- _Your assignment_
Transcribe the lines below exactly. No image belongs in the transcription.

- _Given material_
• • • • •

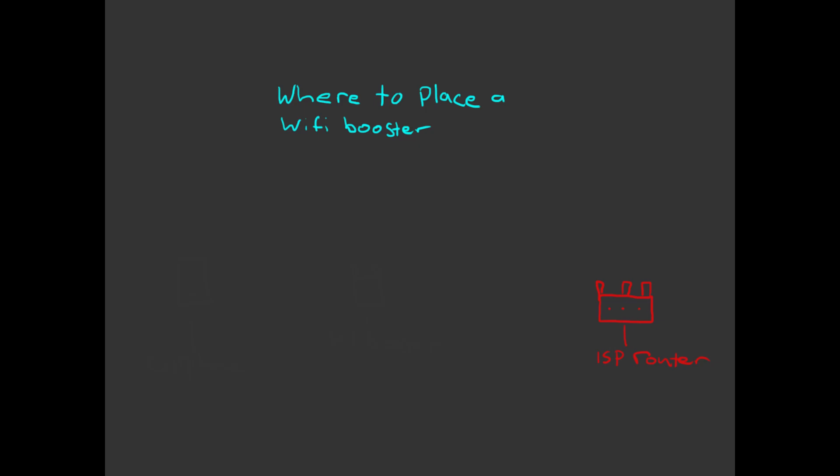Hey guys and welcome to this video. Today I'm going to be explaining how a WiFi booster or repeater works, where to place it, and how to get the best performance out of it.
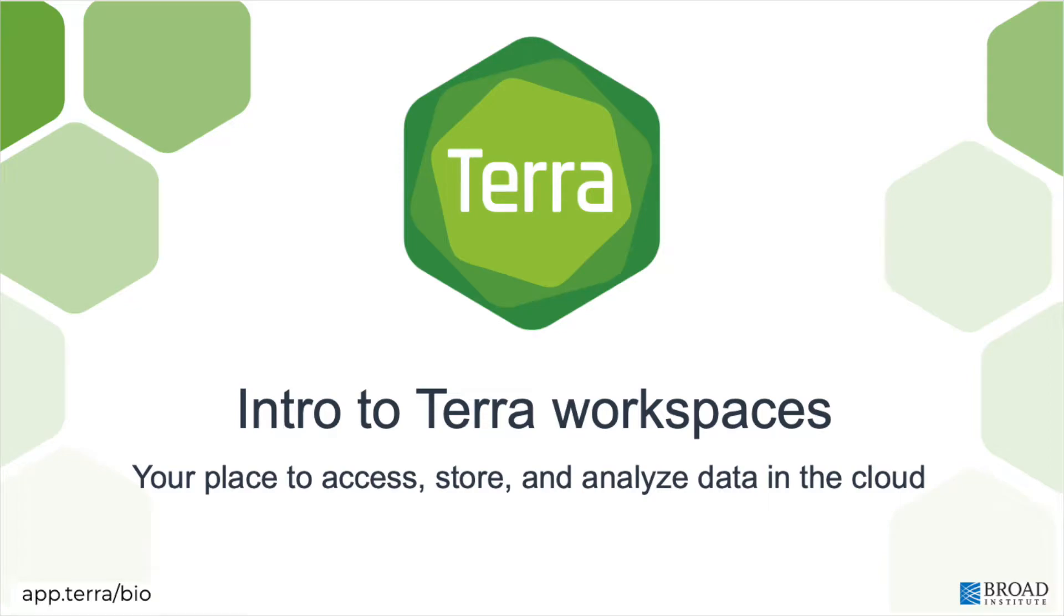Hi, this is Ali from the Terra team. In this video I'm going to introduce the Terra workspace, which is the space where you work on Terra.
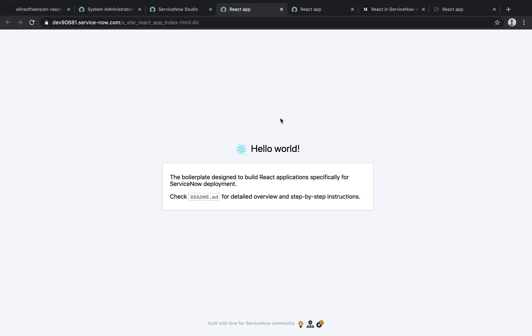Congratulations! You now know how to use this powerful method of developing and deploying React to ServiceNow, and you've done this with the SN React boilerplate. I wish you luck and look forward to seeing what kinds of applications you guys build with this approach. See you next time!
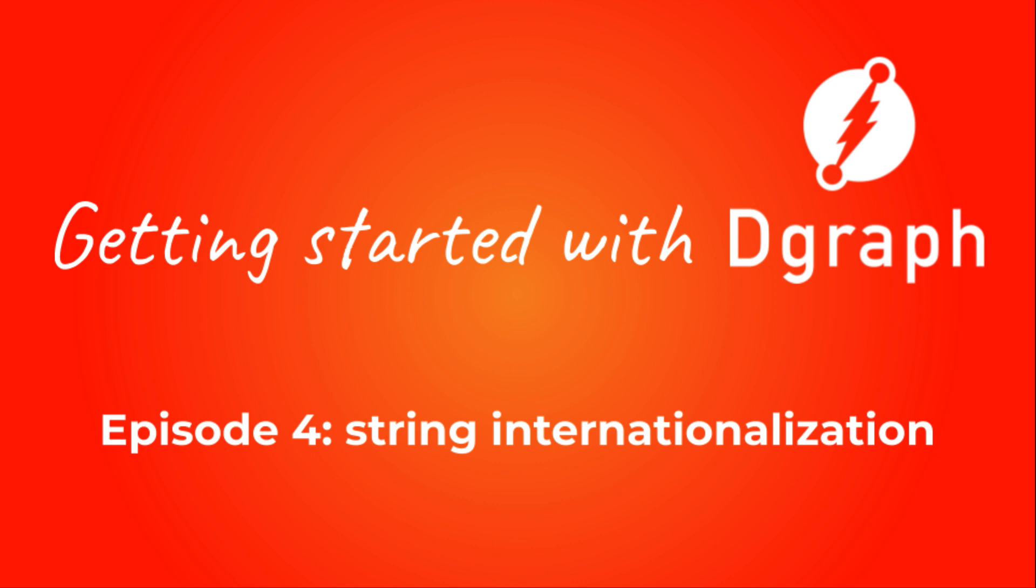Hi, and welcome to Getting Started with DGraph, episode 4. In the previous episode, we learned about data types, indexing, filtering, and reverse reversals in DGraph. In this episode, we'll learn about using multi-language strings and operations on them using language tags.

• • • • •

- _Output of the exercise_
Hey guys and welcome to this video. Today I'm going to be explaining how a WiFi booster or repeater works, where to place it, and how to get the best performance out of it.
Hi, this is Ali from the Terra team. In this video I'm going to introduce the Terra workspace, which is the space where you work on Terra.
Congratulations! You now know how to use this powerful method of developing and deploying React to ServiceNow, and you've done this with the SN React boilerplate. I wish you luck and look forward to seeing what kinds of applications you guys build with this approach. See you next time!
Hi, and welcome to Getting Started with DGraph, episode 4. In the previous episode, we learned about data types, indexing, filtering, and reverse reversals in DGraph. In this episode, we'll learn about using multi-language strings and operations on them using language tags.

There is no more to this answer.